EXERCISE MATERIALS =>
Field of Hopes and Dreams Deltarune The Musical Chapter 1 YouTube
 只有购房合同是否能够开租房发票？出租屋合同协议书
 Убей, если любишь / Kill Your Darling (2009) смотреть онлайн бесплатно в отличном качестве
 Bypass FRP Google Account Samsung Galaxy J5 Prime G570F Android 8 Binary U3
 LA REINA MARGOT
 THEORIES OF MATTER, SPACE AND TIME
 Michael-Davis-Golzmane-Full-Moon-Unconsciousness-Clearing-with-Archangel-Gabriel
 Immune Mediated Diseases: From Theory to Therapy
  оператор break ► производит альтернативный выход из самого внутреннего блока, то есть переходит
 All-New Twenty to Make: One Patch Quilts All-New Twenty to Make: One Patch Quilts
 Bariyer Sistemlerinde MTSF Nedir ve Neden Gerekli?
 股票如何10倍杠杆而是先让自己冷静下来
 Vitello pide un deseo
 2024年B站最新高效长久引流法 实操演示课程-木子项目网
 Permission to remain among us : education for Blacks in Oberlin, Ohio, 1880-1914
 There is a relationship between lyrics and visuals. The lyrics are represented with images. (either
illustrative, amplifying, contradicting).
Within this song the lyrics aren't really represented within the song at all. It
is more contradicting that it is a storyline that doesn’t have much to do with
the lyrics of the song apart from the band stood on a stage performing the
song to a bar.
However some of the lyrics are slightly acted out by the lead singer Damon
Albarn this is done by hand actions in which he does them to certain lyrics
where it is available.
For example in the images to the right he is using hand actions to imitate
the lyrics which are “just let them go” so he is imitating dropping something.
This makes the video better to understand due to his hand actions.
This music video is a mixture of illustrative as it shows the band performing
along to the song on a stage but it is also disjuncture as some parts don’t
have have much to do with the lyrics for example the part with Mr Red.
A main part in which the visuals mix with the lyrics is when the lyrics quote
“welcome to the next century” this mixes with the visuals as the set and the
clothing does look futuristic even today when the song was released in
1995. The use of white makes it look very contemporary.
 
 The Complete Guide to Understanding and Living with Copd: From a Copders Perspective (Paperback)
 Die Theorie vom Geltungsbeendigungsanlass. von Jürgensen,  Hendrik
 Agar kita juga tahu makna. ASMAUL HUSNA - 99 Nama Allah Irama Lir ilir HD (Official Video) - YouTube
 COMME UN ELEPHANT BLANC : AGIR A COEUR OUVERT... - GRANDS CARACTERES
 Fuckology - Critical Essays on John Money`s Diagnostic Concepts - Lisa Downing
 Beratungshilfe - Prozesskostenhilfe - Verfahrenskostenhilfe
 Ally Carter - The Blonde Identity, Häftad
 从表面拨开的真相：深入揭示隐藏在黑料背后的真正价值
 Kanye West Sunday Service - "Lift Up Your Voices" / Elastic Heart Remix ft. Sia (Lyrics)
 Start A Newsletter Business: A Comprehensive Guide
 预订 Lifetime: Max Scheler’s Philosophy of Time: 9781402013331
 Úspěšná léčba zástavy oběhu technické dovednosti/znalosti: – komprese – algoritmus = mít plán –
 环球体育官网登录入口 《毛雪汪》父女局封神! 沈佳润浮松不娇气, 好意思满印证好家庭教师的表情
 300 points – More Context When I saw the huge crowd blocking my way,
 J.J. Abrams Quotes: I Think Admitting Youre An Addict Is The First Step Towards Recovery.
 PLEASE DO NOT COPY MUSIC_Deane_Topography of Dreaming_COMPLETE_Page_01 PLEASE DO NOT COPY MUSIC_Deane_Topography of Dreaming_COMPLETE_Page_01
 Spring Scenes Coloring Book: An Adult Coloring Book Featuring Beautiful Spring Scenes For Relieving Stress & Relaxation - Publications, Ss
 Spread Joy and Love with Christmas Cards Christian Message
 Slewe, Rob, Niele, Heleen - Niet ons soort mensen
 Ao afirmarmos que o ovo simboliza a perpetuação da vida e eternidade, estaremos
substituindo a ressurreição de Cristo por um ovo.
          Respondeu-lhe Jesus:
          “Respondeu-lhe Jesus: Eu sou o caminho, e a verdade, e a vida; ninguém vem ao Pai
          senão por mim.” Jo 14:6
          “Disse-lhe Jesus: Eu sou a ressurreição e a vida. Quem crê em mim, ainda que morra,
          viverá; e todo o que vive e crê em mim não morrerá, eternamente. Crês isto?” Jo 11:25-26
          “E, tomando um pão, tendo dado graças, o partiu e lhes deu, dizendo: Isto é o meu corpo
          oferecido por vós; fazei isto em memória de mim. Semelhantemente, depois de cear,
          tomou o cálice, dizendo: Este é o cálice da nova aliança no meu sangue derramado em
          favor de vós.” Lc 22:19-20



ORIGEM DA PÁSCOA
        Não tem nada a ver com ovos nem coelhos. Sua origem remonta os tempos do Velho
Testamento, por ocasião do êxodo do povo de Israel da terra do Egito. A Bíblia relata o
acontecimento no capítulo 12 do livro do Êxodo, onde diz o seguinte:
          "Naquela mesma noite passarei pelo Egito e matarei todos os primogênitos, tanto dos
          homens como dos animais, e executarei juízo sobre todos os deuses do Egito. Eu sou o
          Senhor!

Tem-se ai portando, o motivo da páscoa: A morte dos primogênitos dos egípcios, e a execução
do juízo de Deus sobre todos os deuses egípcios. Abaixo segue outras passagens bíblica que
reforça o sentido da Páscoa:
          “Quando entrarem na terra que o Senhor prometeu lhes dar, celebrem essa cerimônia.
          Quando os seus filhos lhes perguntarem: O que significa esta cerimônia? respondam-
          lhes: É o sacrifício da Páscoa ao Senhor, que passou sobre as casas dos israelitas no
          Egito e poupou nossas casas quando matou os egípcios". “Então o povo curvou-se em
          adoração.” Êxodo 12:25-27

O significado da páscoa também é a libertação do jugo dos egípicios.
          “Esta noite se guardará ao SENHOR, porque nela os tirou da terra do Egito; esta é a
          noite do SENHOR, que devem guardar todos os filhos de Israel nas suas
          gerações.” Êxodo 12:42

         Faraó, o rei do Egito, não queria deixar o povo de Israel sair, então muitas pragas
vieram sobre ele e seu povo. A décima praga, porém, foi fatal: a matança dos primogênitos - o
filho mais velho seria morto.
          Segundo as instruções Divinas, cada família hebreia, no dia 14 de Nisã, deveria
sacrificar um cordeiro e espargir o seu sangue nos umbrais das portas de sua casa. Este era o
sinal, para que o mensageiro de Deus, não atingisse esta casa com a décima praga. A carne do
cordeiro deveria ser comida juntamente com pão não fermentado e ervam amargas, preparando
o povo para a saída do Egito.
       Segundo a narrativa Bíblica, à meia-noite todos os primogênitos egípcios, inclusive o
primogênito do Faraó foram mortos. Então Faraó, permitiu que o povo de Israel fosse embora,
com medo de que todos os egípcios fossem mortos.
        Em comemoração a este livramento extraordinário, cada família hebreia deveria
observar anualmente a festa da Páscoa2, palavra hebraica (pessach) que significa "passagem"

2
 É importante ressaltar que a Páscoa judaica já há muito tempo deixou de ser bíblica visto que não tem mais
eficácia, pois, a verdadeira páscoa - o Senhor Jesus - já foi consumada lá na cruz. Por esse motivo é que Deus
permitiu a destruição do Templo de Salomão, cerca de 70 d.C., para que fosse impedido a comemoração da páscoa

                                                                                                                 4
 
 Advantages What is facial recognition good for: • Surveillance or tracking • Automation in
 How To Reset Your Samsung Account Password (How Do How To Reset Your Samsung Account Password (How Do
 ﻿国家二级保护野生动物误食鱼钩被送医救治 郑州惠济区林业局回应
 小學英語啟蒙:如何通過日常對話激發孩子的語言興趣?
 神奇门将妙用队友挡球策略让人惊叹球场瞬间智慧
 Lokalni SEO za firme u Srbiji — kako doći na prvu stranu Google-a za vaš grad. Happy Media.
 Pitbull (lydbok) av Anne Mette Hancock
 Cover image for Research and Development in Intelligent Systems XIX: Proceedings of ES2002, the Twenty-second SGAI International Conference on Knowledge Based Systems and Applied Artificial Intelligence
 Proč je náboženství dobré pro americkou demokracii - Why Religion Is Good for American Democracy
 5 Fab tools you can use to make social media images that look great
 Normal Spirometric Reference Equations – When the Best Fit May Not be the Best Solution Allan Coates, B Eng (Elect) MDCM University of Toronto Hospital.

WHAT IS BEING ASKED =>
In the records above, find each line with the string "hand" and list it.

WORKED SOLUTION =>
Albarn this is done by hand actions in which he does them to certain lyrics
For example in the images to the right he is using hand actions to imitate
This makes the video better to understand due to his hand actions.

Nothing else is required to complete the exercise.